Fabrication and characterization of L-asparaginase entrapped polymeric nanoparticles for asparagine biosensor construction

Abstract

The present work reports the fabrication of novel and highly stable L-asparaginase (L-ASP) loaded gelatin alginate nanoparticles (GANp) for the construction of an easily reproducible, sensitive, and selective fiber optic asparagine biosensor. GANp containing L-ASP of 396 nm size with 79.7% entrapment efficiency was achieved via ionic gelation method. The physicochemical properties of fabricated GANp were characterized by Scanning Electron Microscopy (SEM) and Fourier Transform Infrared Spectroscopy (FTIR). The fabricated L-ASP entrapped GANp were stable for 50 days with 75% of residual activity.

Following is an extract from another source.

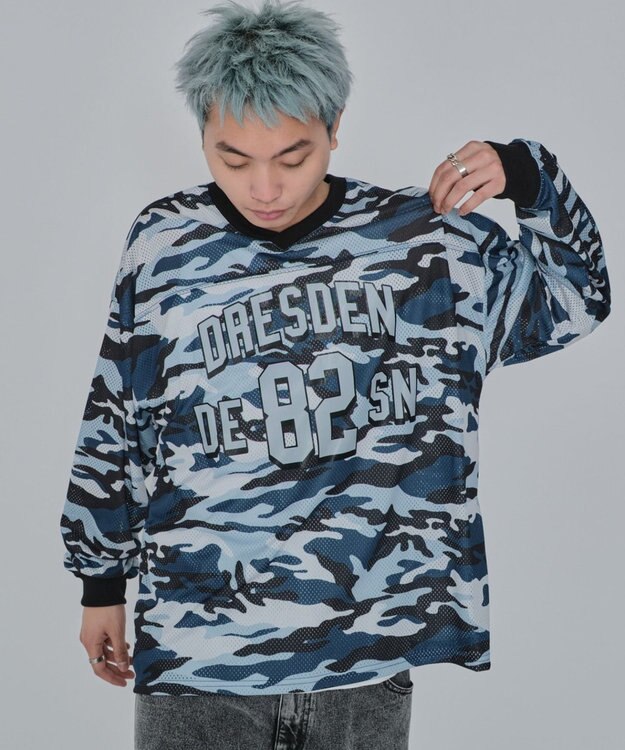 WEGO 【ユニセックス着用ITEM/MLサイズ展開】カモフラナンバリングホッケーT（LS） ブルー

Immobilized L-ASP displayed improved stability against pH and temperature with higher affinity (Km3.83 mM) in comparison to free L-ASP. Furthermore, the application of L-ASP loaded GANp (biocomponent) in biosensor construction led to the evolution of highly sensitive fiber optic asparagine biosensor with 0.05 × 10-10 M detection limit within 2 min of response time. The proposed biosensor can be potentially applied for L-asparagine detection and quantification in the leukemia diagnosis and treatment.